What’s that Sound? – #JustJoJan

Hear that? That gurgling sound? That’s your opportunity to vote for the Thursday Doors badge going down the drain. Voting ends today at noon, North American eastern time.

Thanks to everyone who has voted, and thanks to Linda G. Hill for a JusJoJan prompt to let me remind you one last time (I promise).

33 comments

    1. No. Rain water is not allowed in sanitary sewers, and we are encouraged, although not required in our town, to keep our rain/runoff on our property. I ran our downspouts into drywells because of the stupid way our yard is sloped. The water would run up against the house in too many places. The year we moved in, I ended up digging a sump pit in the yard and pumping water away from the house.

      Liked by 1 person

  1. I’ve never seen a creek I didn’t like! Diverting water away from where it shouldn’t be going is very often a daunting project. When I was a kid, one of our neighbors was facing that task. He asked my dad for advice. My dad, as I remember, even drew the layout for this guy. But, the neighbor ignored the advice he asked for and did it his way. Next rainstorm he had a very flooded cellar!

    He actually came to my dad again, and my father pretty much did the project himself. The neighbor never had that problem again. But he did still have an ego problem!🤗
    Ginger

    Liked by 1 person

    1. I like creeks, as long as they can’t overflow and flood our house. When I was a kid, the creek behind our house flooded a couple times.

      We have very sandy soil, so if I get the water below the frost line, it drains pretty well.

      We move it to get it away from the house and/or to keep it from freezing on the surface in places where people (us, delivery folks) walk.

      You gotta love a guy who asks for advice and then ignores it. I know such a person. Your dad was very kind to help him the second time.

      Like

    1. Oh no, it’s all contained in our yard, just not where it can pool up into the basement Windows.

      We have very sandy soil. Once I got below the frost line, I made a dry well from 2 5-gallon buckets. The soil drains so fast, you could put a hose in and never see any water pooling.

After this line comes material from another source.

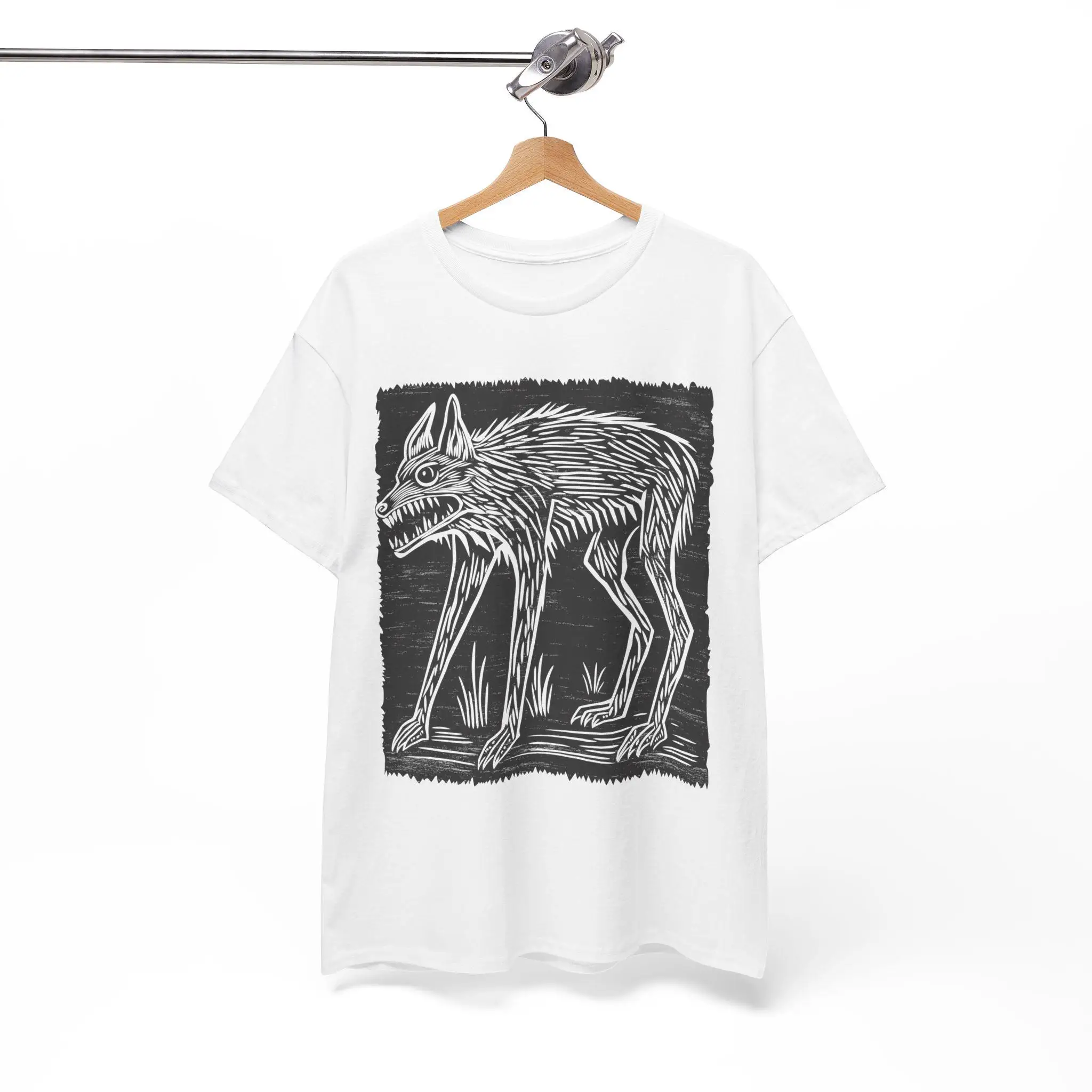 Cryptid Wolf Shirt Creepy Folklore Woodcut Horror Monster Tee Vintage Gothic Werewolf Aesthetic Forestcore Woodland Creature Tee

      When we moved in, we had a warm rain in late January. The ground was frozen. The rain and melting snow pooled up next to the house and was about an inch below the basement windows before I got home with a pump. Neighbors told us the previous hone owner ran a pump often in the winter. I put the first drain in that spring.

      Liked by 1 person

  2. Love the pictures and your work building the drain! I’m glad you mentioned the reason for all of that, but I am confused. Do you know why the state won’t allow rain run-off in the sewer system? Just curious as I have lived in states that have the rain run-off go into the sewer system and here in California it all drains into the ocean…not sure that’s good or bad. In the new areas of development in Phoenix area, they created parks that are actually shaped and sloped like large ponds where drains take the rainwater from the roads and collects it there for it to absorb into the soil.

    Liked by 1 person

    1. The creek that ran behind the house I grew up in until I was about 10, has flooded a huge section of that town about a dozen times since 1950. Two floods this century have caused amazing amounts of damage. If they ever could make a case for putting a flood-control dam on a creek, this one would certainly qualify.